Stored dataset items:

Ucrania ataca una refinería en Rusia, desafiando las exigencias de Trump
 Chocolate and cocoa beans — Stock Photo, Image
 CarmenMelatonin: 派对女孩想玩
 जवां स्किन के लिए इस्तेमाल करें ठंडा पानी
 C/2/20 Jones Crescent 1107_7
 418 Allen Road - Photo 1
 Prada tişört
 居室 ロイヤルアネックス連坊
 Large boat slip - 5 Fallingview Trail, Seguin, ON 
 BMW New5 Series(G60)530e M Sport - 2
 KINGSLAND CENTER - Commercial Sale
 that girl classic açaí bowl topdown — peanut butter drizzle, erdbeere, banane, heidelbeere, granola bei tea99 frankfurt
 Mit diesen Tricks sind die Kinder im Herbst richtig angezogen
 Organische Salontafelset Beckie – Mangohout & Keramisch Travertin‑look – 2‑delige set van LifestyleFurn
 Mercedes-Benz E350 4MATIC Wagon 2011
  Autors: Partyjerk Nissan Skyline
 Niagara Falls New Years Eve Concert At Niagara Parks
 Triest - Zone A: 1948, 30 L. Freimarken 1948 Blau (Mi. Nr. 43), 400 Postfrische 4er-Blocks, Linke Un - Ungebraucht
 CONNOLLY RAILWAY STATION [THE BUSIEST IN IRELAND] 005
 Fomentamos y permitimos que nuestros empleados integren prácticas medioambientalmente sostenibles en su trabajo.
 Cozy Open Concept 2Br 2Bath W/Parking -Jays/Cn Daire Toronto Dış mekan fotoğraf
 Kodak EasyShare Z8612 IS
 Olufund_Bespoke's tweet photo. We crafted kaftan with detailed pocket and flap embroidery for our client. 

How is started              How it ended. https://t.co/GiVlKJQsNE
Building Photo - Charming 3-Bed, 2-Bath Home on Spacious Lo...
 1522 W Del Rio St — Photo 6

## Your goal
Beginning with the line that holds "KINGSLAND CENTER - Commercial Sale", please return every line through the end of the data, exactly as written.

## Answer box
 KINGSLAND CENTER - Commercial Sale
 that girl classic açaí bowl topdown — peanut butter drizzle, erdbeere, banane, heidelbeere, granola bei tea99 frankfurt
 Mit diesen Tricks sind die Kinder im Herbst richtig angezogen
 Organische Salontafelset Beckie – Mangohout & Keramisch Travertin‑look – 2‑delige set van LifestyleFurn
 Mercedes-Benz E350 4MATIC Wagon 2011
  Autors: Partyjerk Nissan Skyline
 Niagara Falls New Years Eve Concert At Niagara Parks
 Triest - Zone A: 1948, 30 L. Freimarken 1948 Blau (Mi. Nr. 43), 400 Postfrische 4er-Blocks, Linke Un - Ungebraucht
 CONNOLLY RAILWAY STATION [THE BUSIEST IN IRELAND] 005
 Fomentamos y permitimos que nuestros empleados integren prácticas medioambientalmente sostenibles en su trabajo.
 Cozy Open Concept 2Br 2Bath W/Parking -Jays/Cn Daire Toronto Dış mekan fotoğraf
 Kodak EasyShare Z8612 IS
 Olufund_Bespoke's tweet photo. We crafted kaftan with detailed pocket and flap embroidery for our client. 

How is started              How it ended. https://t.co/GiVlKJQsNE
Building Photo - Charming 3-Bed, 2-Bath Home on Spacious Lo...
 1522 W Del Rio St — Photo 6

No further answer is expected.